Short web captions:
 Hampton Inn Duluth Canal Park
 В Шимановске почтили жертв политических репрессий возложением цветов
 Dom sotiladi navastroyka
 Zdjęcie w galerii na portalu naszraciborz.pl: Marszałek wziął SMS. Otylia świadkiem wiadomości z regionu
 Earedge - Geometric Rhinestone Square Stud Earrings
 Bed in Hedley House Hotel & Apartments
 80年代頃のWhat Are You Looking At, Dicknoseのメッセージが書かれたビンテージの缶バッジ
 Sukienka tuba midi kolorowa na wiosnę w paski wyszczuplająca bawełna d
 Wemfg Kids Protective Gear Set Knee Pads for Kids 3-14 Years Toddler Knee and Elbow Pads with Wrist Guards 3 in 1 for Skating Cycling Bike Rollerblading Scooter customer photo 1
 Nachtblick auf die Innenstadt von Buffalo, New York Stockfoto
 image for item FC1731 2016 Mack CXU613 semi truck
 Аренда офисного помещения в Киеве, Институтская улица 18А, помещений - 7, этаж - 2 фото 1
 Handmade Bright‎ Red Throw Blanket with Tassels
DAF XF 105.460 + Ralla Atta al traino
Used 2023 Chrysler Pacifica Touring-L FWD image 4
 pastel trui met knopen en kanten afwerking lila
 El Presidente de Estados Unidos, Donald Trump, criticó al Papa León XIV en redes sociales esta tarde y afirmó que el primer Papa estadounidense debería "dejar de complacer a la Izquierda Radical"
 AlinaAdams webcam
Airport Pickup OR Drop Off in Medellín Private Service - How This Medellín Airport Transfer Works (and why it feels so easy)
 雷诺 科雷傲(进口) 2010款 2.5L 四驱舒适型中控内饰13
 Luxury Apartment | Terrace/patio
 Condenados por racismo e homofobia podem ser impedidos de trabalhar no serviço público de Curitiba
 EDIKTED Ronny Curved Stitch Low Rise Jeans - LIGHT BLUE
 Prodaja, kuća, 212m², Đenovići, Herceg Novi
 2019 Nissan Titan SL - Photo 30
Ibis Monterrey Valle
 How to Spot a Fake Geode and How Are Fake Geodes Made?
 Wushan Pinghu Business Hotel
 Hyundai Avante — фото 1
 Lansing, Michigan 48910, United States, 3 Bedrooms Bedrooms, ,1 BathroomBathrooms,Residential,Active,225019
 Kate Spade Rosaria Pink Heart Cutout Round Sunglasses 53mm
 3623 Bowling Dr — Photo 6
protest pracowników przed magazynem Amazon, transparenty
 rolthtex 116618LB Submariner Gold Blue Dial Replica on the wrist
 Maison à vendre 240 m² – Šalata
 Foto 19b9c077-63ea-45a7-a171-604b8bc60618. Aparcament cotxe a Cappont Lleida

**THE TASK:** Using the data above, copy each line that contains "image".

**RESULT FOR THIS TASK:**
 image for item FC1731 2016 Mack CXU613 semi truck
Used 2023 Chrysler Pacifica Touring-L FWD image 4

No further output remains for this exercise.